**WORK REQUEST:**
Work out the number of lines in the records that include the word "sqft"; reply with that number alone.

[MATERIALS PROVIDED Boundary: Start]

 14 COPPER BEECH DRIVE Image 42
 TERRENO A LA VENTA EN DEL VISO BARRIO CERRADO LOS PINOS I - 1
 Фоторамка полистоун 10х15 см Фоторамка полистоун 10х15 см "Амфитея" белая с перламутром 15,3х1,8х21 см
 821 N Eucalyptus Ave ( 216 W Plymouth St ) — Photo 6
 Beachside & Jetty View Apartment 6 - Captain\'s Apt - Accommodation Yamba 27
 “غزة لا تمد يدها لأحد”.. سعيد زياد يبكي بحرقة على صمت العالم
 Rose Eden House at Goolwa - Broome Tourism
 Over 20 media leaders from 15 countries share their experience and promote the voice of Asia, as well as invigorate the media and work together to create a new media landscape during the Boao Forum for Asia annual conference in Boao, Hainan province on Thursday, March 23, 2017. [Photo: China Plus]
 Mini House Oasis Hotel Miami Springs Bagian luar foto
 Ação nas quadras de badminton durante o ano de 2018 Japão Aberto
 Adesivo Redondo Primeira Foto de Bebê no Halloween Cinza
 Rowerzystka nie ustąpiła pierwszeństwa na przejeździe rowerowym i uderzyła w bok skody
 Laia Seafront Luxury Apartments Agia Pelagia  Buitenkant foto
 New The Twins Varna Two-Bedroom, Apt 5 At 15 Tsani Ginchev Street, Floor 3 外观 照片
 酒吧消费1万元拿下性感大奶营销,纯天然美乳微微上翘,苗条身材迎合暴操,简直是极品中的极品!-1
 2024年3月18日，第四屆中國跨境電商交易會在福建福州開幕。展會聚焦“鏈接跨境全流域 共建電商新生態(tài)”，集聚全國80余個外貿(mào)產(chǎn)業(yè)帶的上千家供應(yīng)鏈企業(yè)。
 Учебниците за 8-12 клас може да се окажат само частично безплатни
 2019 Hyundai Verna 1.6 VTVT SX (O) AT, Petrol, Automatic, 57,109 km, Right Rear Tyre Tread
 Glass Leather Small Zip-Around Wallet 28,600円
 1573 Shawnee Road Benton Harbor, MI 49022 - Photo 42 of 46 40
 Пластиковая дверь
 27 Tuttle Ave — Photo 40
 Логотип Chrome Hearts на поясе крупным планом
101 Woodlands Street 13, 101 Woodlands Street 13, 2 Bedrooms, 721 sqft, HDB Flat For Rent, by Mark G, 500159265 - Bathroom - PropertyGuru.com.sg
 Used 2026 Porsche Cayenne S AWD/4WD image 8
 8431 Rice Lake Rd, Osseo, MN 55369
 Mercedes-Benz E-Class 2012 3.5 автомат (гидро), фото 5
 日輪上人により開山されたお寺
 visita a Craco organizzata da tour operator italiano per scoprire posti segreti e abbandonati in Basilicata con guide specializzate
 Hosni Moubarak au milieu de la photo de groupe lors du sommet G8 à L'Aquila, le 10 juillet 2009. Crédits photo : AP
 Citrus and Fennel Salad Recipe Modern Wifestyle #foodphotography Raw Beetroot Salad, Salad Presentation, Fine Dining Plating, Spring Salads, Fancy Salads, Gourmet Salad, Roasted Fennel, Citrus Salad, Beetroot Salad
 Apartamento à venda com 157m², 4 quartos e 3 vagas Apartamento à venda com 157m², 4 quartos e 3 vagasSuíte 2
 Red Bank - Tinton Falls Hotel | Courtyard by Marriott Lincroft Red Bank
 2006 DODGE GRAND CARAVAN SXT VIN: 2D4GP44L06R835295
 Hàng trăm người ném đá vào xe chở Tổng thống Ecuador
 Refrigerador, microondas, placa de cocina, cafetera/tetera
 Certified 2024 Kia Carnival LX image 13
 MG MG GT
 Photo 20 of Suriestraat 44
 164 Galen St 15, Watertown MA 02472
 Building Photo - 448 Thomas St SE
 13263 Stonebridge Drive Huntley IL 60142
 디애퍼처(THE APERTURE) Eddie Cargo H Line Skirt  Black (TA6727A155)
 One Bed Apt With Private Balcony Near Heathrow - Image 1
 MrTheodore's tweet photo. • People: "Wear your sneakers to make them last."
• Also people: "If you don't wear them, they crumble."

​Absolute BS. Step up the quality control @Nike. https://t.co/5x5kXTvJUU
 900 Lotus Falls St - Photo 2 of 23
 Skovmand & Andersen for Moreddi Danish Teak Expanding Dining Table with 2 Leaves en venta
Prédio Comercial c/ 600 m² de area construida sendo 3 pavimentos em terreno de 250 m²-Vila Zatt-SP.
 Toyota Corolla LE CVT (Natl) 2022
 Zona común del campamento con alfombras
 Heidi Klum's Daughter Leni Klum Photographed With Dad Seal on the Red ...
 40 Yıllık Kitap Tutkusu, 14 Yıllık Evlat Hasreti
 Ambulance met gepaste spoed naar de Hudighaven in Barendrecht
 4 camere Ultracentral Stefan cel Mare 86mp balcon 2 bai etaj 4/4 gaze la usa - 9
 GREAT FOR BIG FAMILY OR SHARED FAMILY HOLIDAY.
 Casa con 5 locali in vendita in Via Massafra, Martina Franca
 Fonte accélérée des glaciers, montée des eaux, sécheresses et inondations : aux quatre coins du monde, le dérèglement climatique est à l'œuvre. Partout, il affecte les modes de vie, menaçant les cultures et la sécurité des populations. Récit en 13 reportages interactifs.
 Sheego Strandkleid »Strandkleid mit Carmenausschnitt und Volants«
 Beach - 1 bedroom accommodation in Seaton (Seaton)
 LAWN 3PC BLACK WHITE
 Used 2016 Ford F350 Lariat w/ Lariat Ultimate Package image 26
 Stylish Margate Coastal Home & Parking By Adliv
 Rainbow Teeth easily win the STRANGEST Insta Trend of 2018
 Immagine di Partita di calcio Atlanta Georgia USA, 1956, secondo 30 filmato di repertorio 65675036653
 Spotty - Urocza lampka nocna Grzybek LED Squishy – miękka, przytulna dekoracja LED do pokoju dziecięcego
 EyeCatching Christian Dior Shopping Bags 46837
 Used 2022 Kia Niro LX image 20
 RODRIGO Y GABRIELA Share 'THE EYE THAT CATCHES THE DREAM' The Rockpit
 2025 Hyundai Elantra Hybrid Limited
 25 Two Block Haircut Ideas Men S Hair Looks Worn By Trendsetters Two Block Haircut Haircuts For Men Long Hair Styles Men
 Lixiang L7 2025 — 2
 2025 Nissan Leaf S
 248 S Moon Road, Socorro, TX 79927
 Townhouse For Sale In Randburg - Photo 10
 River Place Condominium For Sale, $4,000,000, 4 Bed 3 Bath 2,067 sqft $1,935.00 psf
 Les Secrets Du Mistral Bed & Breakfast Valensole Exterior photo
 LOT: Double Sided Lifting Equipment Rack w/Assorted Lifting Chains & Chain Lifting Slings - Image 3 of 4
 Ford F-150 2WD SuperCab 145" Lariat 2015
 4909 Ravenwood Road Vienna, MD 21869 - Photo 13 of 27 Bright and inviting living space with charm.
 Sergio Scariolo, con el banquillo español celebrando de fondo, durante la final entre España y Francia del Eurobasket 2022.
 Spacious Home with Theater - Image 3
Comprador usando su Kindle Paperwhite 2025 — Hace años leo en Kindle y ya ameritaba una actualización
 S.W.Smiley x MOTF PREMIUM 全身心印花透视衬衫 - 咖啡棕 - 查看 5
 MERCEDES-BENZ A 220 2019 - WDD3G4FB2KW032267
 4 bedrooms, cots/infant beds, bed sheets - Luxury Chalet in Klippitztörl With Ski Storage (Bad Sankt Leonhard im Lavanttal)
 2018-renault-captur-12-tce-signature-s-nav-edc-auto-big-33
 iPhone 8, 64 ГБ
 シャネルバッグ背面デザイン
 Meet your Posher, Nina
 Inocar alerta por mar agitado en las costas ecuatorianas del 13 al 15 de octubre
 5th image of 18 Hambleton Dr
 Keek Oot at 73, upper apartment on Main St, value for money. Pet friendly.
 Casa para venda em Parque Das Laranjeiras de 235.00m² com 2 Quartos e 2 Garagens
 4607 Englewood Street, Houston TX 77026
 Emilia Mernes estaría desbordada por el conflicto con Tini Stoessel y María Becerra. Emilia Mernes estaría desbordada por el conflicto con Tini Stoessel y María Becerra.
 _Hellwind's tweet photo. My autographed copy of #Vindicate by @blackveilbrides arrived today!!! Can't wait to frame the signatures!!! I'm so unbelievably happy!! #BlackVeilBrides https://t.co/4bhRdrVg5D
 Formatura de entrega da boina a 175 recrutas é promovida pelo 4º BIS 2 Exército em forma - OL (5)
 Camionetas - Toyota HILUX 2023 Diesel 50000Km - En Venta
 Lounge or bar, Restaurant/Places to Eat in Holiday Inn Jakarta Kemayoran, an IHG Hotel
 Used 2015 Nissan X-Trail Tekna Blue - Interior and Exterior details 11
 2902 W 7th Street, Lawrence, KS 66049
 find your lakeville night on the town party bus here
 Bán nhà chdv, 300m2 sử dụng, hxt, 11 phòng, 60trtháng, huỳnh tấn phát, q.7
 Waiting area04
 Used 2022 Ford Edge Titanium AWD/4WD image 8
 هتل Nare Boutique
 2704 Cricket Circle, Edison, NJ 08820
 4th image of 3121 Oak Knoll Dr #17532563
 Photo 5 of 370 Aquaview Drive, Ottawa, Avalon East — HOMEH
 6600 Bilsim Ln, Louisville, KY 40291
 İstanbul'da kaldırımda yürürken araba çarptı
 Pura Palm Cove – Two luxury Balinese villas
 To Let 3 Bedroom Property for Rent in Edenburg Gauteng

[MATERIALS PROVIDED Boundary: End]

**YOUR SOLUTION:**
2